YOUR ASSIGNMENT:
Give back the lines below verbatim, omitting all pictures.

SOURCE MATERIAL:
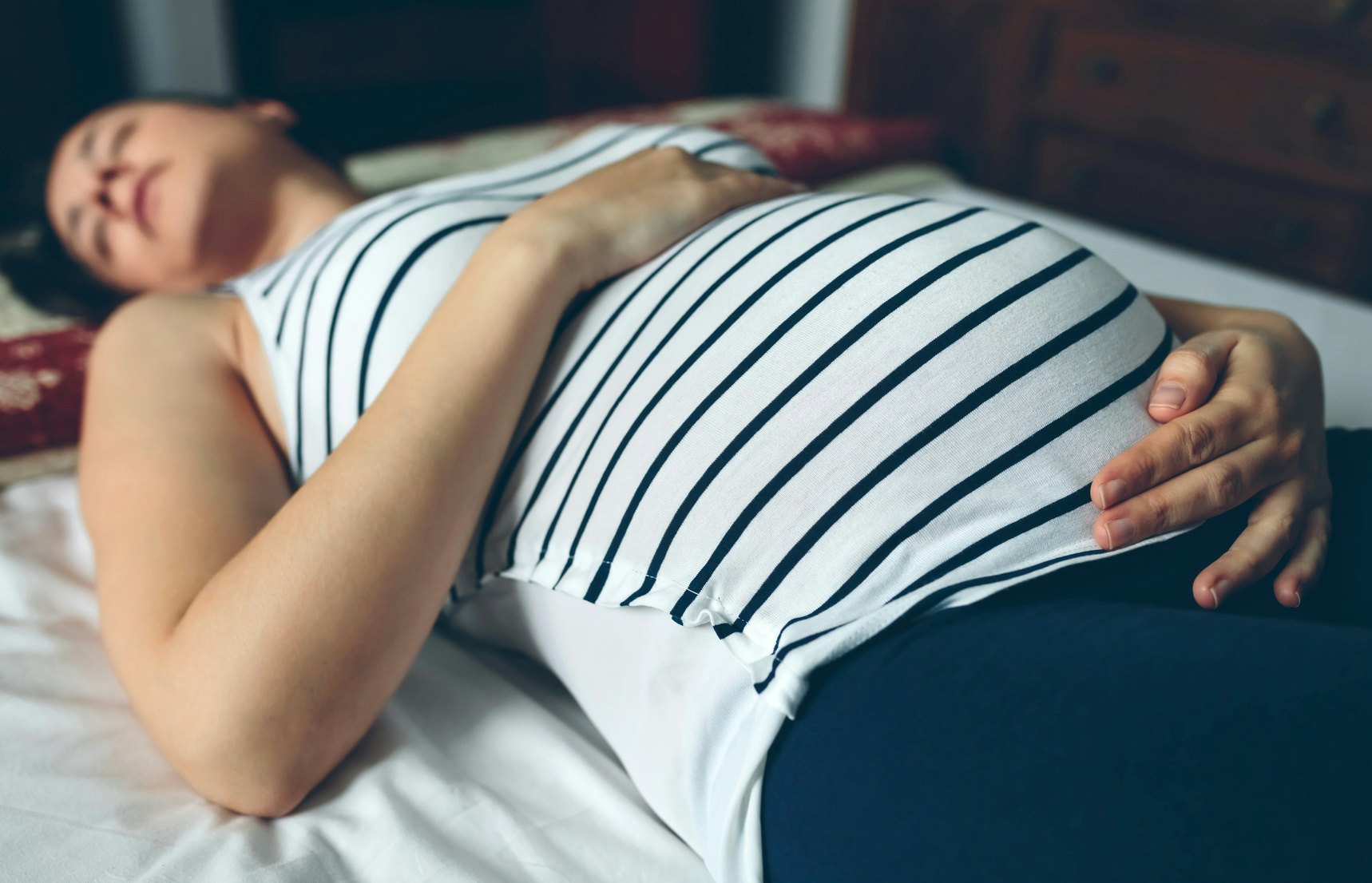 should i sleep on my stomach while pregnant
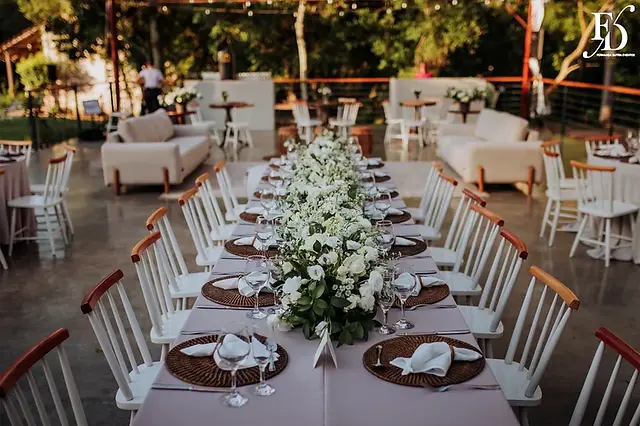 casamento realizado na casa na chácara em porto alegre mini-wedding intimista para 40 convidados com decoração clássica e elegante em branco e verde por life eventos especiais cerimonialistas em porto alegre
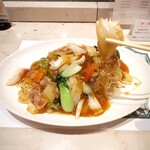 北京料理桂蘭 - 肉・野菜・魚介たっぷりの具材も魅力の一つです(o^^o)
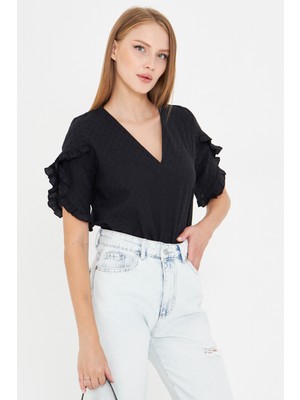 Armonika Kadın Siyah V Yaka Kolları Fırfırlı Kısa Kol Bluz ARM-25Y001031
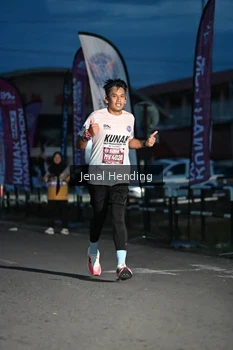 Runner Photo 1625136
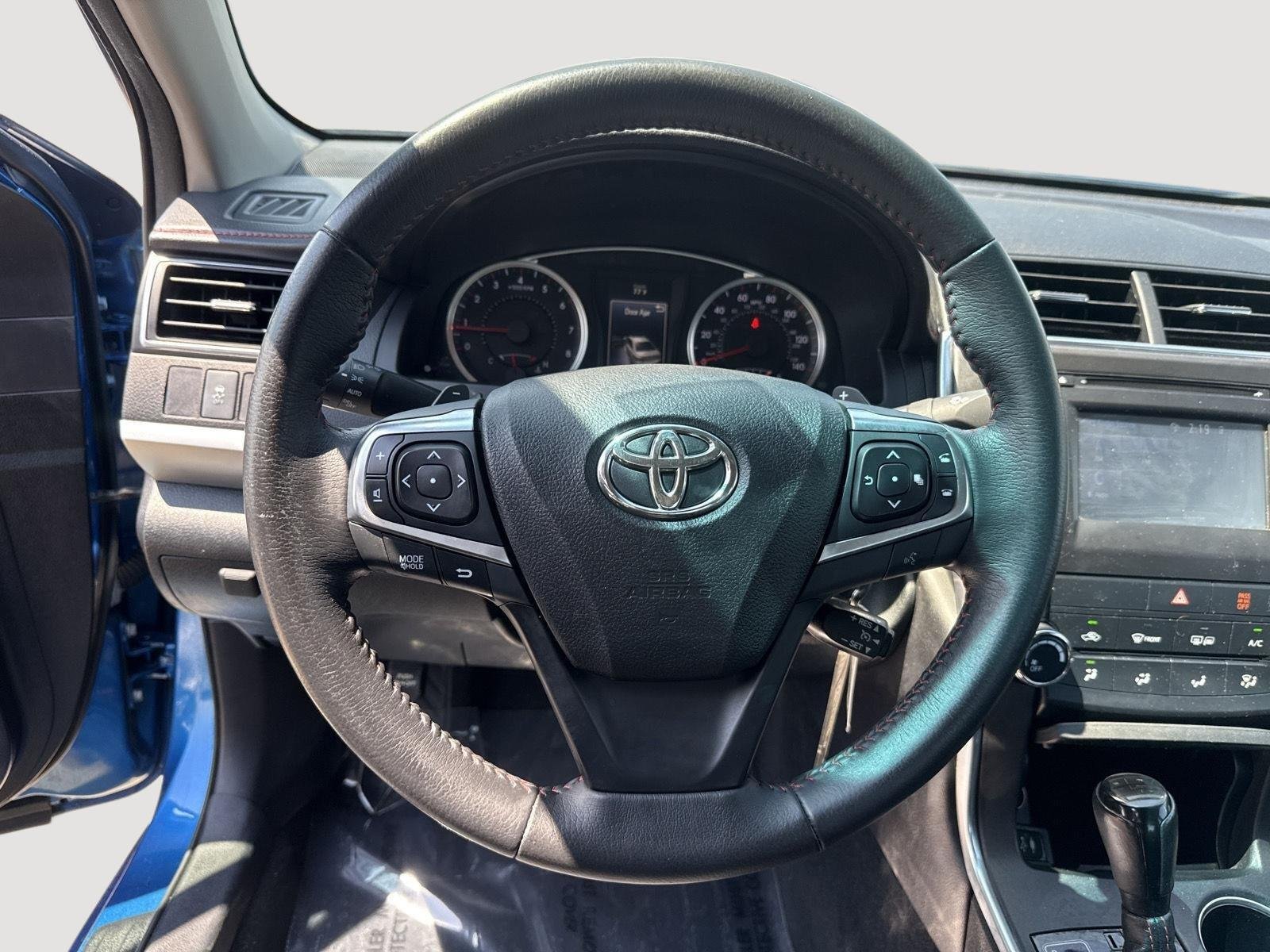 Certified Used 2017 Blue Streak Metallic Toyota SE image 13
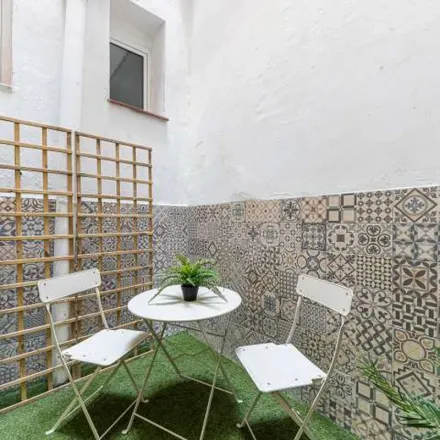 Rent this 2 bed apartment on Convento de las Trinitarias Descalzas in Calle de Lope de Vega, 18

THE ANSWER:
 should i sleep on my stomach while pregnant
 casamento realizado na casa na chácara em porto alegre mini-wedding intimista para 40 convidados com decoração clássica e elegante em branco e verde por life eventos especiais cerimonialistas em porto alegre
 北京料理桂蘭 - 肉・野菜・魚介たっぷりの具材も魅力の一つです(o^^o)
 Armonika Kadın Siyah V Yaka Kolları Fırfırlı Kısa Kol Bluz ARM-25Y001031
 Runner Photo 1625136
 Certified Used 2017 Blue Streak Metallic Toyota SE image 13
 Rent this 2 bed apartment on Convento de las Trinitarias Descalzas in Calle de Lope de Vega, 18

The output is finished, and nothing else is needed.